Squaddies in free schools?


There is one 'Union dividend' which us Scots should really appreciate and that is that under the Act of Union, our education system remained independent. It may have let us down at times - such as in the 1872 Education Act which effectively demanded an end to the use of any language other than English as a medium of education. This lead to more than a century of kids in Gaelic speaking communities from Stirlingshire to Sutherland having their community tongue forcibly removed. But, it was ours to keep and to improve.

Enlightenment has seen big strides in Scottish education since those dark days. The new Curriculum for Excellence promises to put research, inquiry and rational thinking into the heart of the classroom. Rather than teaching to the exam and filling kids' heads with lists of dates and facts, why not teach them to ask, to enquire and build their own skills?
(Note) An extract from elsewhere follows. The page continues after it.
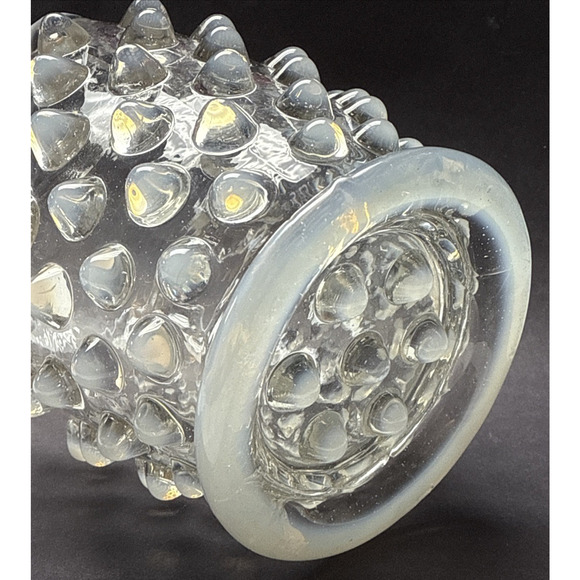 Eapg Elson Glass Opalescent Dewdrop Spooner Footed Ruffled Edge Hobnail White - Picture 4 of 12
England is stuck with a right-wing mentality and a top-down attitude to education. Fill their heads with 1066, 1945 and 1966. And, if they forget or object... lets get our unemployed squaddies in to 'give' them some discipline.

No wonder that Terry Deary, author of the Horrible Histories, hates schools. In a recent article in the Independent, he:

... brands the national curriculum the "biggest disaster in British history".
"W B Yeats said education is not filling a bucket but lighting a fire. The national curriculum has turned children into buckets. And teachers are just bucket-fillers now. Dividing knowledge into subjects is a very archaic approach to studying."
On top of elitist 'free' schools, the latest ConDem wheeze to appeal to goose-stepping chattering classes of Middle England is to put soldiers into schools. It seems incredible that in an age where anyone teaching a child in any form of the word is vetted for any kind of criminal record that politicians would want to put brutalised, war ravaged and institutionalised basket cases into 'teach' our kids is incredible. The British Army's track record on discipline ain't that hot either. Apart from the cases of torture in Iraq there are the numerous sad incidents of bullying in British Army barracks such as Deepcut which has seen many teenagers left dead, either through murder or suicide.
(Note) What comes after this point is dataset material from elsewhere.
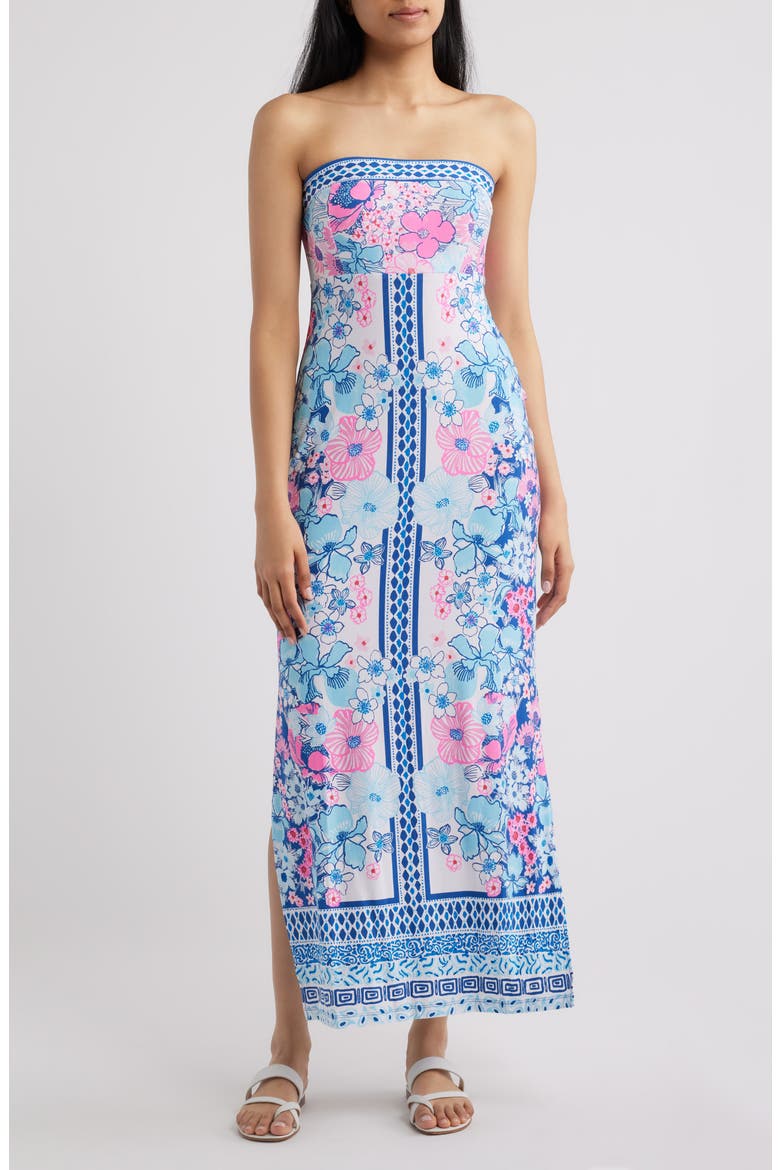 Noa Strapless Maxi Dress, Main, color, STARLIGHT NAVY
Just what untrained soldiers are meant to achieve is not explained. Trained teachers can use many methods to deal with unruly pupils. Teachers in Scotland's schools regularly work wonders with some of the damaged young products of our society. Their efforts may ultimately count for nothing but that is more likely than not a result of failures to address poverty, addiction and violence in many of our communities. General permissive attitudes in society towards anti-social behaviour haven't helped - and here, I'm thinking more of MP's, bankers and journalists than hoodies.
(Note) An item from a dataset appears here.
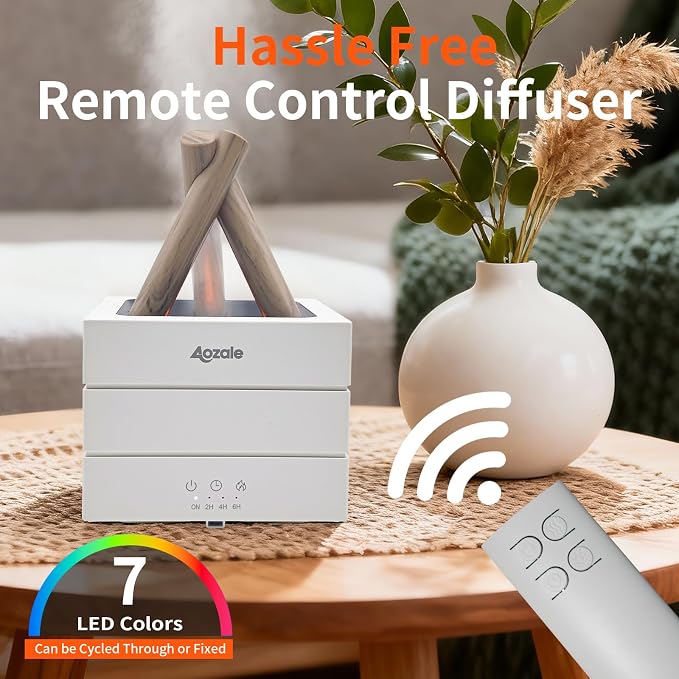 Campfire Flame Fire Diffuser, Bonfire Aromatherapy Essential Oil Diffuser, 280ML Ultrasonic Mist Humidifier with Remote, 7-Color LED, Timer, Auto Shut-Off for Bedroom, Office, Yoga, Gifts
So, will Cameron's short, sharp, shock squaddies beat up wee Jimmy if pulls a face during a Maths lesson? Perhaps insolent wee Billy will just be stripped and urinated on? 

In the meantime, I'll take my lessons from the kind of progressive and multi-lingual education systems we see in the Basque Country, Finland and Norway.

1 comment:

pictishbeastie said...

Good article,although it's a pity you had to use a quote from Terry Deary whose Horrible Histories are,on the whole,pretty bad history and can be very anti Scottish! Slainte!